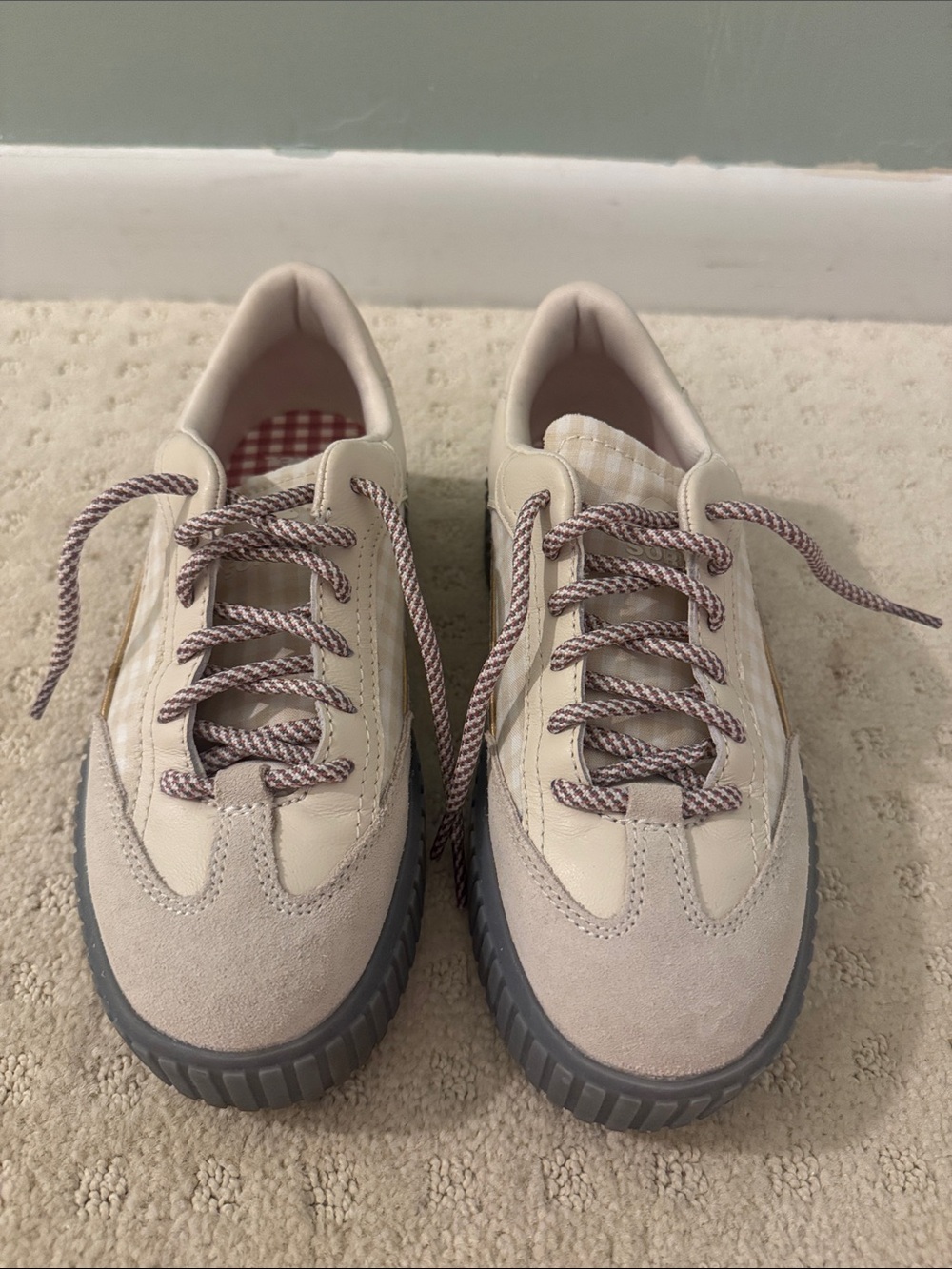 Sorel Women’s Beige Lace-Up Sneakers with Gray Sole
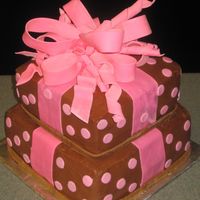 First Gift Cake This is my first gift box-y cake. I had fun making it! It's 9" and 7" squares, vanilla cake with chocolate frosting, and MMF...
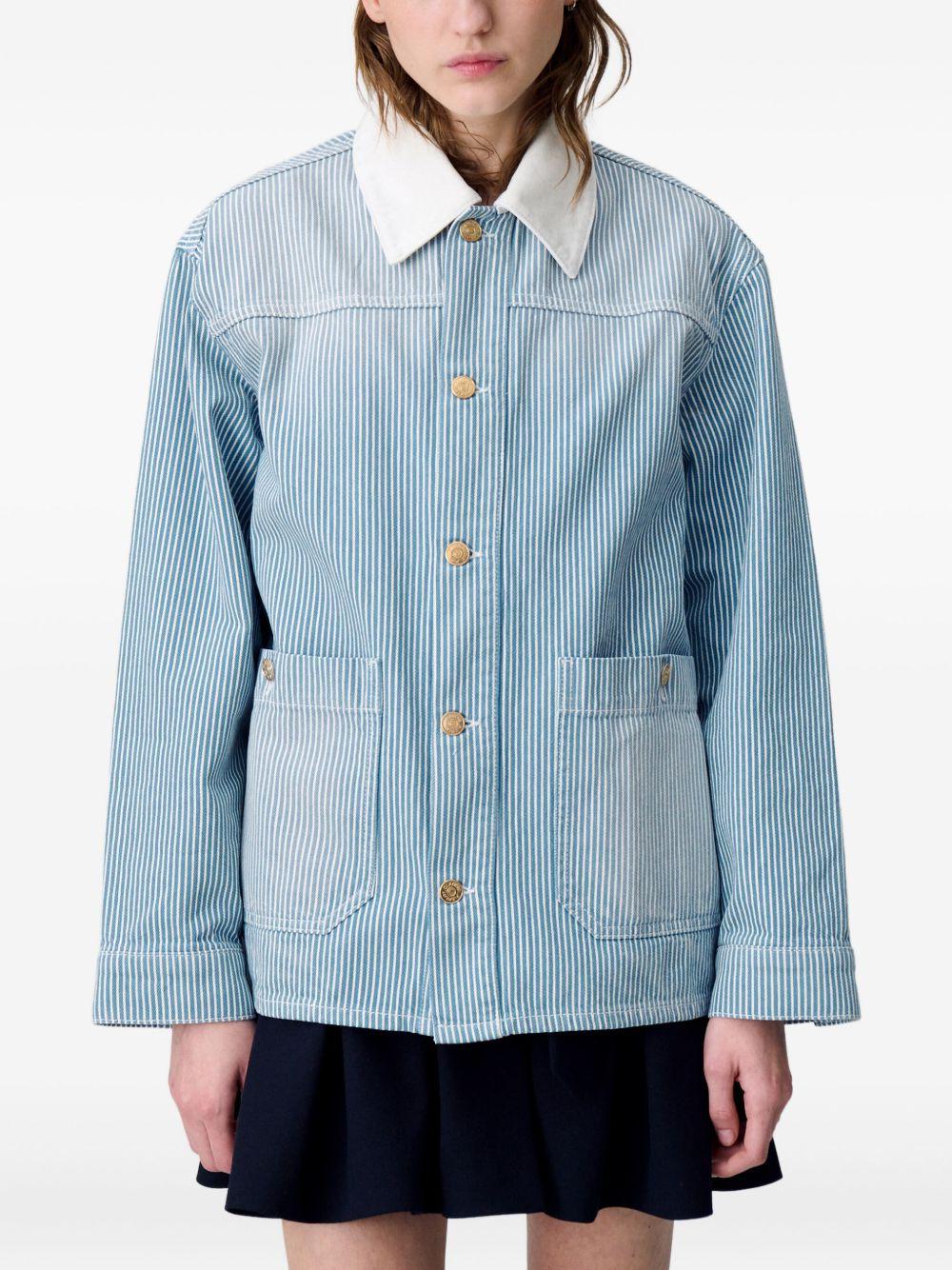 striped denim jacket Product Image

=====

# WHAT TO DO
Instruction for this listing: copy it exactly, but leave the images behind.

# WRITTEN SOLUTION
 Sorel Women’s Beige Lace-Up Sneakers with Gray Sole
 First Gift Cake This is my first gift box-y cake. I had fun making it! It's 9" and 7" squares, vanilla cake with chocolate frosting, and MMF...
 striped denim jacket Product Image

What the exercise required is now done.